È assolutamente necessario ridurre lo spreco cambiando il modello di sviluppo in direzione del miglioramento della qualità della vita. Oggi, con le nuove tecnologie a disposizione, si potrebbero progettare fabbriche che garantiscano una produzione di oggetti in maniera flessibile e pianificabile, soprattutto se i prodotti sono di buona qualità e di durata almeno trentennale, perché il riciclo dei materiali non basta. Perché questo avvenga sarebbe necessario studiare una politica industriale creativa e davvero rivoluzionaria che prenda in considerazione l’uso delle risorse nel rispetto della terra, senza perdere di vista la salvaguardia del lavoro, che rimane un diritto inalienabile per tutti.
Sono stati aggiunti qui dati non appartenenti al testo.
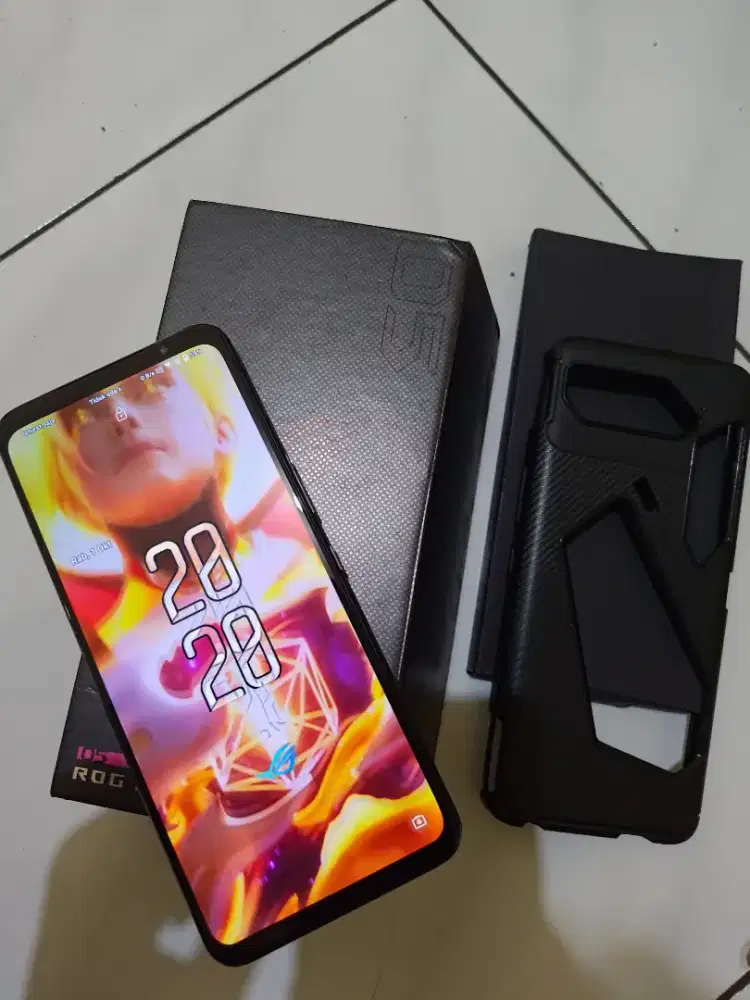 rog phone 5 8/128 fullset bsa tt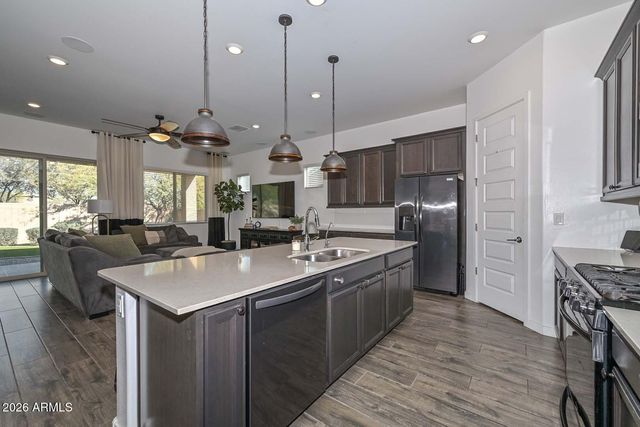 16872 W Vereda Solana Drive, Surprise, AZ 85387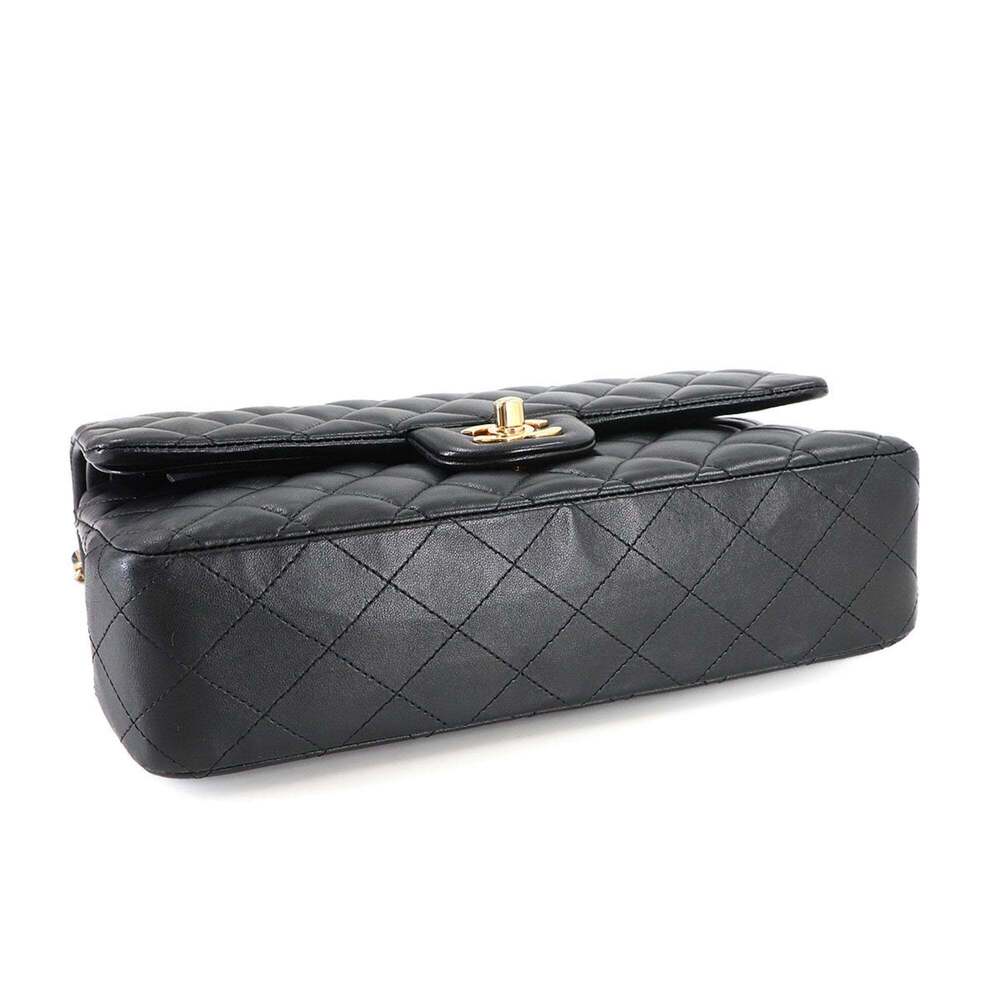CHANEL Matelasse 25 Chain Shoulder Handbag in Black Lambskin with Gold Hardwa... - Picture 5 of 10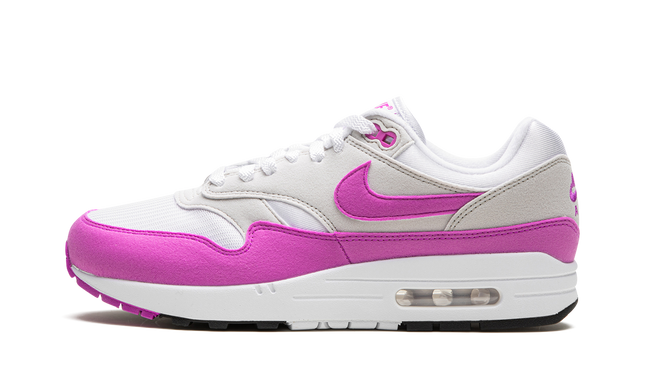 Nike Air Max 1 WMNS Fuchsia Dream schoenen met roze en paarse details en witte zool, dames sportschoenen.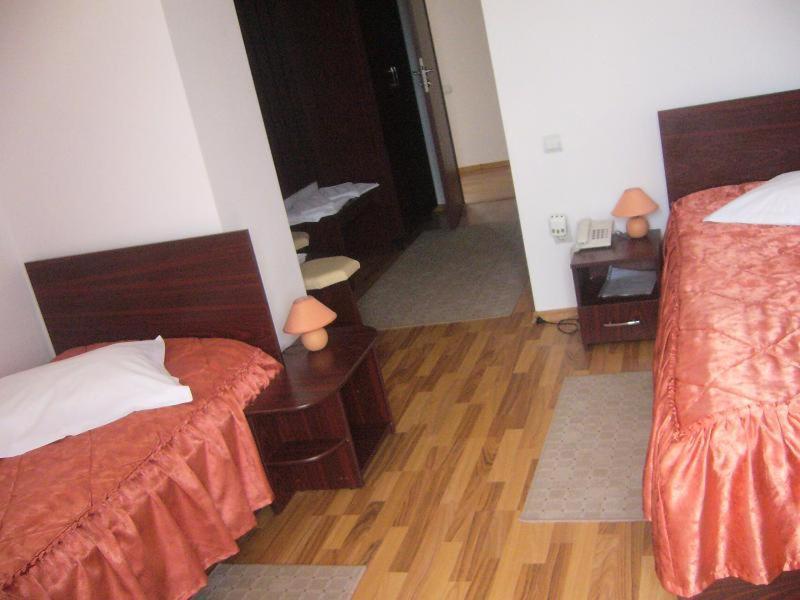 Pensiunea Octogon Piatra Neamţ Exteriér fotografie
Cambiare i motori a scoppio con motori elettrici non è una trasformazione ecologica, ma solo uno specchio per le allodole, perché ciò che non si produce di scarto per il funzionamento della macchina, si produrrà nello smaltimento delle batterie o per la produzione dell’energia elettrica. Si continuerà comunque a produrre milioni di macchine che avranno bisogno di innumerevoli risorse per tutto il loro ciclo di vita.
Dovremmo usare la nostra fantasia per creare ciò che serve all’essere umano per vivere una vita qualitativamente degna e non, piuttosto, consumare per produrre per mantenere attive le industrie.

Oggi siamo ridotti a essere un ingranaggio di un sistema che noi stessi abbiamo creato, nel quale il lavoro umano deve costare il meno possibile, perché lo scopo non è la qualità della vita ma il ritorno finanziario. Inoltre, il nostro adeguamento al consumo rende impossibile qualsiasi condivisione se non una realtà disumanizzata e abitudinaria.
Questi due anni di pandemia hanno messo in evidenza quanto poco sappiamo del corpo umano, della natura, di noi stessi e di quanto ci circonda.  Se vogliamo cambiare veramente dobbiamo innanzitutto metterci in un atteggiamento di ascolto, di conoscenza, di ricerca, tenendo sempre presente le cose che in questi due anni ci sono mancate: la relazione con gli altri e con l’ambiente e la dimensione della libertà. Questi elementi faticosamente conquistati nel corso della storia, li abbiamo dispersi e vanificati come valori superflui negli ultimi trent’anni, mettendo al loro posto il consumo veloce delle emozioni e delle cose, come un necessario motore di una produzione che non trasforma niente in bellezza, ma che produce solo scarti e spazzatura.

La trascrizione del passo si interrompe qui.